EXERCISE REQUIREMENTS
Every line below is to be quoted exactly, with nothing added or dropped.

INPUT RECORDS
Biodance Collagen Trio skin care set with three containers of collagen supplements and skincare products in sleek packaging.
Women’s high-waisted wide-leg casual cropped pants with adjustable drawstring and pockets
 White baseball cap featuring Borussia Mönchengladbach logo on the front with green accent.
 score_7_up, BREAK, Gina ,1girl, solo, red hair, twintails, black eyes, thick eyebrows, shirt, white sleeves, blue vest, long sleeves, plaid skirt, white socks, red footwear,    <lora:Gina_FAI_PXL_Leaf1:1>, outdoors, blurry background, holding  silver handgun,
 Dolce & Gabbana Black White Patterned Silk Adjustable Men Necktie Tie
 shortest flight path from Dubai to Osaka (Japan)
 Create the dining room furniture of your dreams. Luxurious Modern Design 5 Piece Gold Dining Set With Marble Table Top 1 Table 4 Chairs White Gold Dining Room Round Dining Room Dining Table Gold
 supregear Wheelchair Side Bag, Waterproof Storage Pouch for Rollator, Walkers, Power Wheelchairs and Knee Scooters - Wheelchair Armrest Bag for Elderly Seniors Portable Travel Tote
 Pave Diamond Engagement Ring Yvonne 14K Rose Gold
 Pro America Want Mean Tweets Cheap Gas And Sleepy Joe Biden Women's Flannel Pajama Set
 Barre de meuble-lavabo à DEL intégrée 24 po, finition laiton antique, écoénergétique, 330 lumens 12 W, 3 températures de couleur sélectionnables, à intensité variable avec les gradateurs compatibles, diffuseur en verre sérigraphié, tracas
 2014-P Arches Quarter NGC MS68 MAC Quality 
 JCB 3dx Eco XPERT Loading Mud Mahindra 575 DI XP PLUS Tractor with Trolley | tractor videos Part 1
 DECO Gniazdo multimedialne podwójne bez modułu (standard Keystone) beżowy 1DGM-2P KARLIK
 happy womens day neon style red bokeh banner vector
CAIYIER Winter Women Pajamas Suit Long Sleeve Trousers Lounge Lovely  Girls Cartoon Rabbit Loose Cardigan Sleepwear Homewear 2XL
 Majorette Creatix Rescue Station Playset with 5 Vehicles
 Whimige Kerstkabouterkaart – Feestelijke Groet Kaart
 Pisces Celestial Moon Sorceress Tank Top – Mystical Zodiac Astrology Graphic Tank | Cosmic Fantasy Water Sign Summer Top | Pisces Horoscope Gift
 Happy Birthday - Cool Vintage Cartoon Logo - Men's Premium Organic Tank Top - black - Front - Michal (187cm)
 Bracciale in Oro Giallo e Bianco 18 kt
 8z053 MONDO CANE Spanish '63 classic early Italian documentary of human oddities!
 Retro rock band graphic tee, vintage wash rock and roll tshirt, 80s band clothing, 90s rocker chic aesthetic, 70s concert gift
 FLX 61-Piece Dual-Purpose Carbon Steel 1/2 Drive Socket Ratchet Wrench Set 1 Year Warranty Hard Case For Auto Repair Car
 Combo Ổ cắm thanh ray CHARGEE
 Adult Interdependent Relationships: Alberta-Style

FINISHED EXERCISE
Biodance Collagen Trio skin care set with three containers of collagen supplements and skincare products in sleek packaging.
Women’s high-waisted wide-leg casual cropped pants with adjustable drawstring and pockets
 White baseball cap featuring Borussia Mönchengladbach logo on the front with green accent.
 score_7_up, BREAK, Gina ,1girl, solo, red hair, twintails, black eyes, thick eyebrows, shirt, white sleeves, blue vest, long sleeves, plaid skirt, white socks, red footwear,    <lora:Gina_FAI_PXL_Leaf1:1>, outdoors, blurry background, holding  silver handgun,
 Dolce & Gabbana Black White Patterned Silk Adjustable Men Necktie Tie
 shortest flight path from Dubai to Osaka (Japan)
 Create the dining room furniture of your dreams. Luxurious Modern Design 5 Piece Gold Dining Set With Marble Table Top 1 Table 4 Chairs White Gold Dining Room Round Dining Room Dining Table Gold
 supregear Wheelchair Side Bag, Waterproof Storage Pouch for Rollator, Walkers, Power Wheelchairs and Knee Scooters - Wheelchair Armrest Bag for Elderly Seniors Portable Travel Tote
 Pave Diamond Engagement Ring Yvonne 14K Rose Gold
 Pro America Want Mean Tweets Cheap Gas And Sleepy Joe Biden Women's Flannel Pajama Set
 Barre de meuble-lavabo à DEL intégrée 24 po, finition laiton antique, écoénergétique, 330 lumens 12 W, 3 températures de couleur sélectionnables, à intensité variable avec les gradateurs compatibles, diffuseur en verre sérigraphié, tracas
 2014-P Arches Quarter NGC MS68 MAC Quality 
 JCB 3dx Eco XPERT Loading Mud Mahindra 575 DI XP PLUS Tractor with Trolley | tractor videos Part 1
 DECO Gniazdo multimedialne podwójne bez modułu (standard Keystone) beżowy 1DGM-2P KARLIK
 happy womens day neon style red bokeh banner vector
CAIYIER Winter Women Pajamas Suit Long Sleeve Trousers Lounge Lovely  Girls Cartoon Rabbit Loose Cardigan Sleepwear Homewear 2XL
 Majorette Creatix Rescue Station Playset with 5 Vehicles
 Whimige Kerstkabouterkaart – Feestelijke Groet Kaart
 Pisces Celestial Moon Sorceress Tank Top – Mystical Zodiac Astrology Graphic Tank | Cosmic Fantasy Water Sign Summer Top | Pisces Horoscope Gift
 Happy Birthday - Cool Vintage Cartoon Logo - Men's Premium Organic Tank Top - black - Front - Michal (187cm)
 Bracciale in Oro Giallo e Bianco 18 kt
 8z053 MONDO CANE Spanish '63 classic early Italian documentary of human oddities!
 Retro rock band graphic tee, vintage wash rock and roll tshirt, 80s band clothing, 90s rocker chic aesthetic, 70s concert gift
 FLX 61-Piece Dual-Purpose Carbon Steel 1/2 Drive Socket Ratchet Wrench Set 1 Year Warranty Hard Case For Auto Repair Car
 Combo Ổ cắm thanh ray CHARGEE
 Adult Interdependent Relationships: Alberta-Style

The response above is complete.